1 - A opção por um enfoque além do jurídico-dogmático.

O tema sugere, de logo, uma resposta à indagação sobre que meios estão disponíveis aos cidadãos para que tornem efetivas, via Poder Judiciário, as liberdades que lhes foram constitucionalmente asseguradas. Matéria, portanto, suscetível de abordagem dogmático-exegética, sem dúvida pertinente e até indispensável. Fugirei, entretanto, de assim proceder. Tenho uma série de razões para isso. Em primeiro lugar, muitos já o fizeram, tantos e tão bem, que mais não poderia senão repeti-los ou inserir-me num processo de mutua citação e mutuo louvor, bem pouco construtivo. Além disso, insistir nesse enfoque será de clamorosa inutilidade, por sua inadequação para favorecer o entendimento do que socialmente real, a par de sua impotência para suscitar mudanças na ordem prática. Repugna-me atribuir ao jurista o papel de autor de contos da carochinha, escrevendo sobre fadas madrinhas, duendes, gnomos, bruxas e fantasmas, ou de seus personagens, mesmo quando revestido da boa intenção de tornar mais ameno o sono e o sonho dos homens. Se o nosso gênero não é a ficção, nem pretendemos ser fabulistas fantasiados de homens de ciência, ou contadores de estórias com roupagem de estadistas, precisamos baixar à terra, enlamear os pés, fatigar o corpo e calejar as mãos.

Por todos esses motivos, dispenso-me de falar-lhes, prioritariamente, das garantias que a Constituição Federal institucionalizou para proteção das liberdades por ela enunciadas, ou como postulá-las de modo tecnicamente correto perante o Poder Judiciário. Já se escreveu torrencialmente sobre o assunto e quase nada teria a dizer, salvo me propusesse apenas a originalidade do personagem do conto de Monteiro Lobato que, pretendendo ser diferente, agradeceu o livro que lhe haviam emprestado nestes termos "O livro li, muito gostei". Infelizmente, se não tivermos cuidado, corremos o risco de escrever sobre temas jurídicos apenas colocando em ordem inversa radical, confusa, o já ensinado por outros, com clareza, na ordem direta.
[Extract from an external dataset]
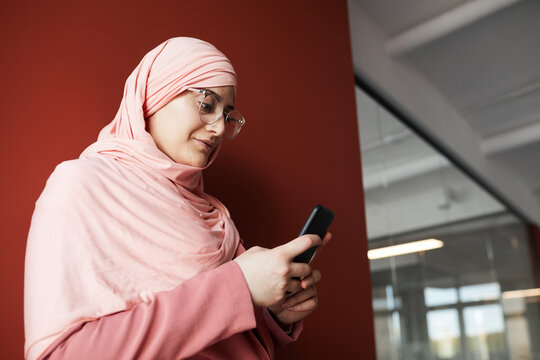Side view portrait of young Muslim businesswoman using smartphone while standing against red wall in office, copy space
Daí a abordagem por mim preferida que, entretanto, nem é mais excelente nem menos exposta a erros que as demais, pelo só motivo de pretender ultrapassar os limites do dogmático-exegético. Antes, pelo que revele de ambicioso, pode representar para mim o risco de incidir no equívoco do sapateiro que desejou ir além das botas e mereceu a justa advertência de que deveria voltar ao seu tamborete de remendão.
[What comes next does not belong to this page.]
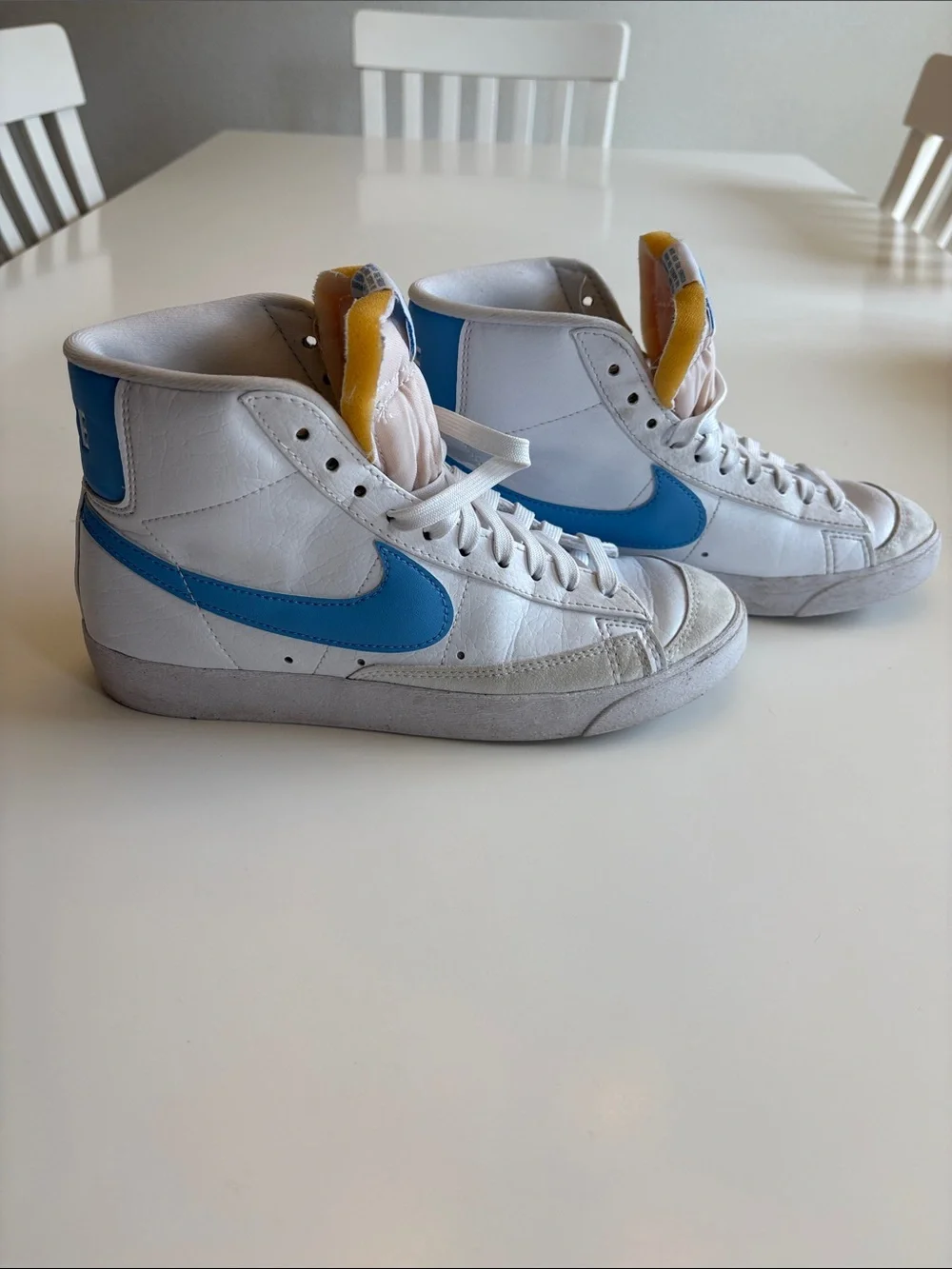 Nike Blazers Women’s High-Top Sneakers in White and Light Blue Swoosh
2 - A liberdade só é pensável pensando-se a não-liberdade.

Na linha que me propus, a primeira ponderação a ser feita é sobre a impossibilidade de podermos compreender a liberdade sem antes refletirmos sobre a "não-liberdade". Descomprometido, embora, com qualquer profissão de fé na dialética ontológica hegeliana, creio ser inviável definir-se ou delimitar-se algo prescindindo-se de colocá-lo em face ou em confronto com o que é a sua negação. Entendida exclusivamente como poder de autodeterminação inerente a todo homem, por força do qual direciona sua conduta, a liberdade é um contínuo e pleno operar de um ente capaz de opções, sem lacunas e sem obstáculos, descomportando, consequentemente, problematização. Esta se faz apenas necessária e relevante por motivo das inelutáveis "limitações" com que se defronta. Obstáculos oferecidos pela Natureza, a par dos que os homens se colocam uns aos outros Os problemas da liberdade são, pois, na sua essência, "problemas de não-liberdade". Os limites impostos pela Natureza escapam ao interesse imediato do jurista. As ciências de que ela é objeto têm buscado soluções para removê-los. Relevantes para nós se mostram exclusivamente os óbices que os homens reciprocamente se colocam à liberdade. Nossa reflexão concentrar-se-á, portanto, na problemática dos obstáculos postos socialmente à liberdade do indivíduo. Limitações imprescindíveis, frise-se, visto como, sem elas, a convivência humana se inviabilizaria. Precisamente a resistência a esses limites é que determina a conflituosidade social, razão de ser do Direito.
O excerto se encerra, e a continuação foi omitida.